António Guterres faz a síntese entre Lula e o abade xiita. Junta a falta de conhecimento do Presidente brasileiro (quando atribui, sem razão, causas humanas a catástrofes) ao moralismo do aiatola (quando censura um comportamento perverso – no caso de Guterres, o capitalismo). Isto de um tipo que foi o melhor aluno do Técnico. A inconsciência com que nós, portugueses, todos os dias entramos em prédios edificados por engenheiros é um misto de fé e de bazófia.

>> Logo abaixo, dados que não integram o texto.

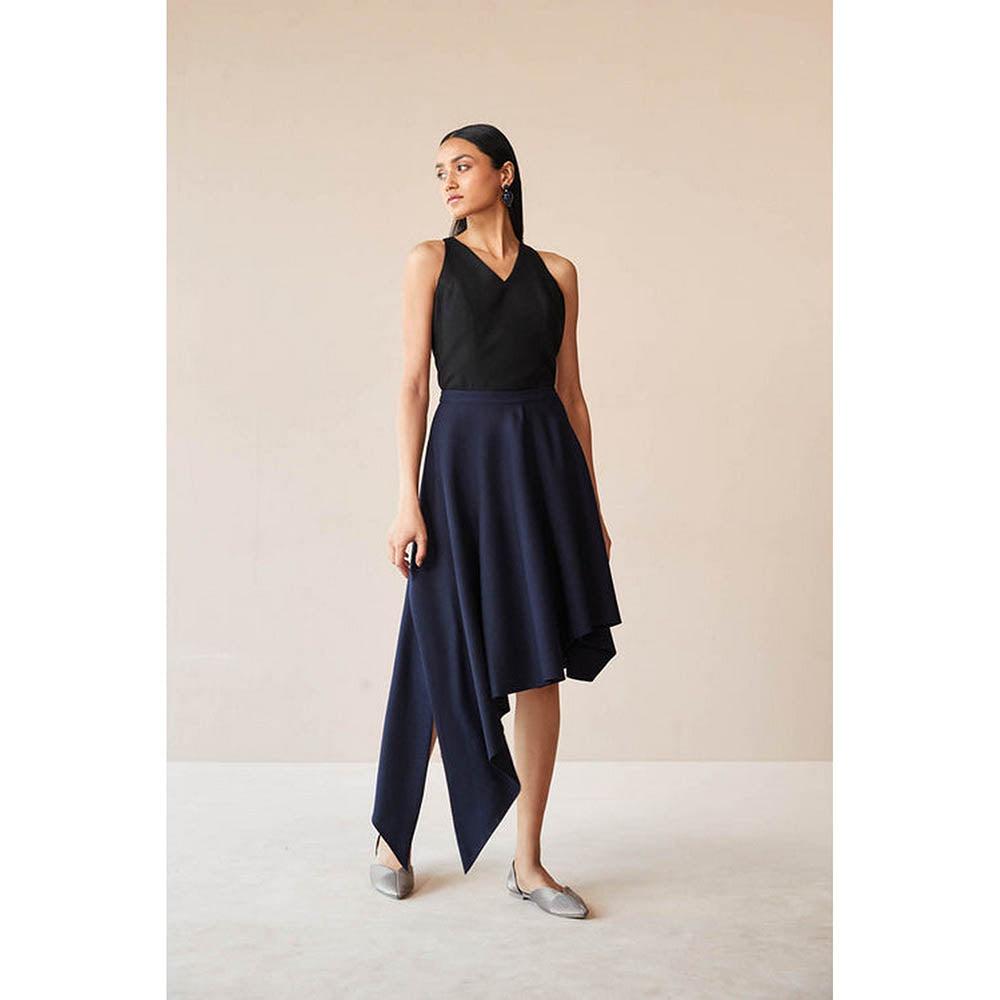 AMPM Navy Blue Marwa Jacket with Skirt and Belt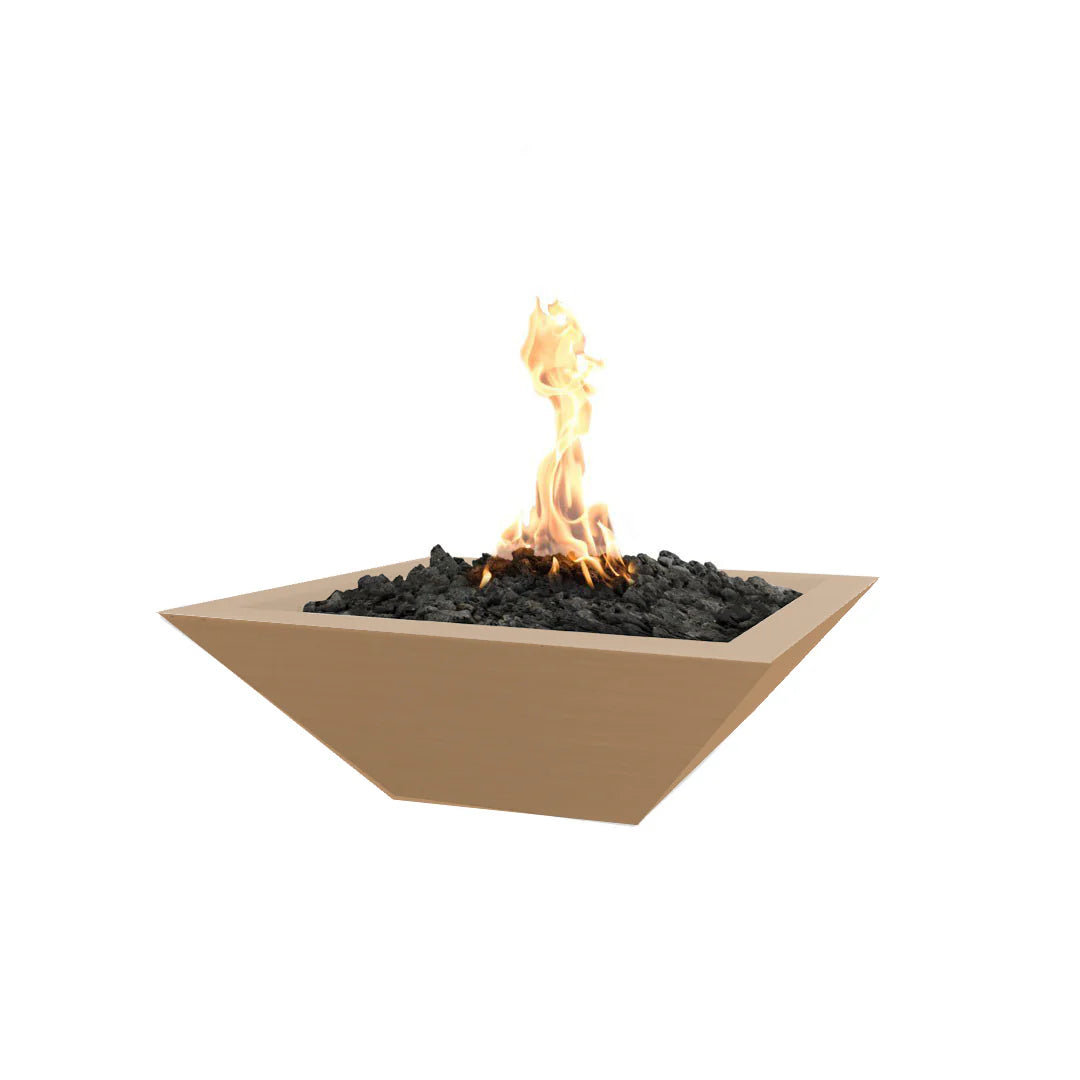 The Outdoor Plus Maya GFRC Concrete Square Fire Bowl - Metallic Bronze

Neste momento, depois de líbios e marroquinos (por causa das tragédias que assolaram os seus países), brasileiros e iranianos (por serem governados por néscios), o grupo de pessoas que me suscita mais compaixão é o composto pelos técnicos das Nações Unidas que andam a trabalhar para nada. É que António Guterres é um daqueles chefes que não lê os relatórios que os subalternos preparam. Se tivesse passado os olhos pelo último relatório do Painel Intergovernamental sobre Alterações Climáticas (IPCC), o organismo da ONU dedicado ao clima, saberia que, ao contrário do que anda a fazer, a ciência não atribui a maioria dos fenómenos climáticos à acção humana, nomeadamente às emissões de CO2. Nem é preciso ler tudo, basta consultar a tabela 12.12, na página 1856 para perceber que, tirando os extremos de temperatura (quentes ou frios), não se detectam sinais de alterações atribuíveis à actividade humana em fenómenos como tempestades tropicais, cheias, seca, granizo, etc. E, nas projecções para o futuro (2050 e 2100) as hipotéticas alterações só se verificam nos cenários mais catastrofistas (RCP8.5 e SSP5). Cenários aliás considerados implausíveis por partirem do pressuposto de que, no que diz respeito a emissões, ao arrepio do que tem acontecido, não só nada será feito para as reduzir, como até serão aumentadas.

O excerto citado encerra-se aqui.